→ **Study material**:
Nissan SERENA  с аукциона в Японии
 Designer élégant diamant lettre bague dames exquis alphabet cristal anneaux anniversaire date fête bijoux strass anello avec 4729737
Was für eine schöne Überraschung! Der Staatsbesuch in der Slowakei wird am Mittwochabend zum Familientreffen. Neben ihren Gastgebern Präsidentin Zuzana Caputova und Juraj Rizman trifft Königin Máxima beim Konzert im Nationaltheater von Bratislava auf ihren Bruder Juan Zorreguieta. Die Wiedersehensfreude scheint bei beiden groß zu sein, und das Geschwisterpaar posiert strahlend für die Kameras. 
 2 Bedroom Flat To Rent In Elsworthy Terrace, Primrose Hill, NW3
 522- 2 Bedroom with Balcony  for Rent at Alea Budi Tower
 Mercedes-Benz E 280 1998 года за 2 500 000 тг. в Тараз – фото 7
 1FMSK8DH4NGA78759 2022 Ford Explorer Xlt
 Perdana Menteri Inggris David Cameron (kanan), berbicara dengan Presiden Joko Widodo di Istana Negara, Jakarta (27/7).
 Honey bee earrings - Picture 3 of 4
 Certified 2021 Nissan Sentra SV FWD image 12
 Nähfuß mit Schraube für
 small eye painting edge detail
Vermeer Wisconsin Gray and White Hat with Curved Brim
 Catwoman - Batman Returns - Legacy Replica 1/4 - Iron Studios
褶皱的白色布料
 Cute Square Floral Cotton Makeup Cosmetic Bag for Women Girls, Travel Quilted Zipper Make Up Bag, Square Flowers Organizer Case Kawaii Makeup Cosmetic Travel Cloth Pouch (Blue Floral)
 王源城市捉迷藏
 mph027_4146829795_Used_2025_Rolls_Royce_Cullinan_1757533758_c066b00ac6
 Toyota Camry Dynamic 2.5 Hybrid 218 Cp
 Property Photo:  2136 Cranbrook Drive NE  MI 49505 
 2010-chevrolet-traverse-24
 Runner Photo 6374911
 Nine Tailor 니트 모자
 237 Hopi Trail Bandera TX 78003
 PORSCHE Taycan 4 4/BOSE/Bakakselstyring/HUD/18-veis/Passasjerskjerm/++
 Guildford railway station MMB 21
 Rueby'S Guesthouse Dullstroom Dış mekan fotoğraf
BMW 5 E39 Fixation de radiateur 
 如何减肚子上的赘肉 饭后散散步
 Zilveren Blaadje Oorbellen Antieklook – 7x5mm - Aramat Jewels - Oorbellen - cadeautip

→ **What needs to be done**: The expected output is the run of lines from the one that includes "PORSCHE Taycan 4" through the end of the listing above, exactly as they stand.

→ **Exercise response**:
 PORSCHE Taycan 4 4/BOSE/Bakakselstyring/HUD/18-veis/Passasjerskjerm/++
 Guildford railway station MMB 21
 Rueby'S Guesthouse Dullstroom Dış mekan fotoğraf
BMW 5 E39 Fixation de radiateur 
 如何减肚子上的赘肉 饭后散散步
 Zilveren Blaadje Oorbellen Antieklook – 7x5mm - Aramat Jewels - Oorbellen - cadeautip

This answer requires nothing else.